Yeah, this is where the nuance begins.

You are correct that TCP is not always sufficient. Perhaps where we differ is that in my experience, it still helps for this to be a feature of the framework or infrastructure that the applications are running on (e.g. a retry budget in the service mesh, or a load balancer) rather than scattered around in the application itself. At some point it becomes a word game – you could say that the service mesh is also kind of an "application" itself, but the core principle is that the retries should be kept in a few simple, common places that are rarely tuned.

Otherwise, you will find that N developers who are tasked with figuring out something like this will scatter N different version of your exponential randomized delay policy all across your codebase. It is always possible to avoid this with enough code review discipline, but once the trend starts, it's much harder to say "No, you need to fix this the right way".

sarchertech · on Oct 17, 2022

I’ve seen this exact problem many times. Counting TCP, the current system I’m working has 5 different layers of retries.

TCP, the service mesh, the company wide http client, application retries, and a database backed queueing library that everyone uses.

Imagine what happens when a service is flaky and each one of those layers retries 3-5 times.

Jupe · on Oct 17, 2022

Yep. And then the user says.. "Oh, that didn't work - I'll just try again... and again..."

foobiekr · on Oct 17, 2022

It’s pretty important to implement a mechanism to prevent a thundering herd if you can, and TCP doesn’t help here. Accidental synchronization can have many many causes.

In addition, despite fantasies, tcp in particular is an instance level concept and reserving the ability to shoot instances without draining first is a good design.

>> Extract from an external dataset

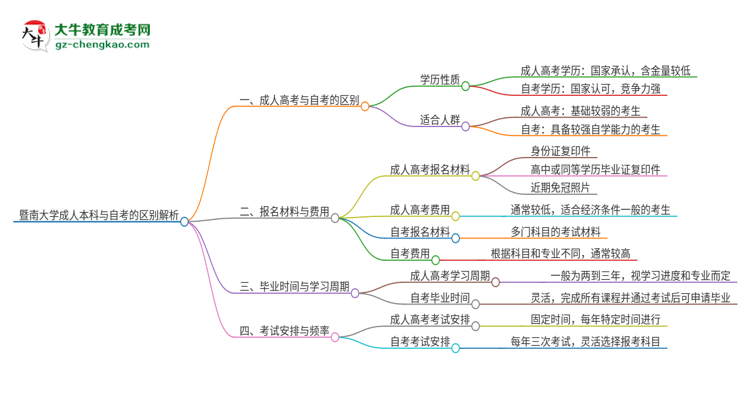 暨南大學(xué)成人本科與自考的區(qū)別解析2025版思維導(dǎo)圖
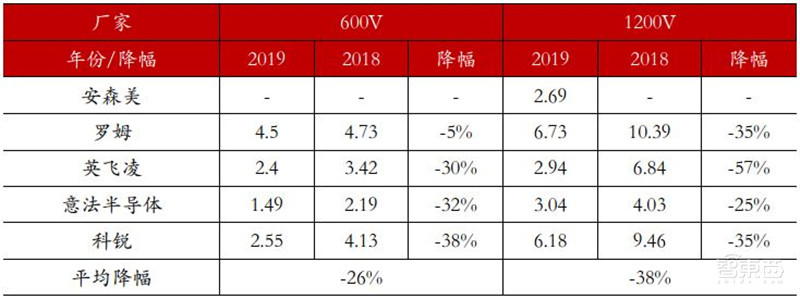 揭秘第三代半导体碳化硅!爆发增长的明日之星,国产前途无量 | 智东西内参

Application-level user-perceived reliability is an end to end concern, not a transport layer concern.

sokoloff · on Oct 17, 2022

My experience is that you need to plan for retries at the system level anyway (above application; think “dead letter queue processing” or equivalent).

When you don’t (as we sometimes haven’t), you end up with people having to write scripts or perform manual actions to poorly approximate what the system should have done, often with thousands of orders (or whatever entity matters to your company) in a limbo state.

__MatrixMan__ · on Oct 17, 2022

TCP eventually gives up though, right? Like if you want to tolerate network partitions that lays days or weeks, during which the other node might have received a different address, then you're gonna have to move that logic up the stack.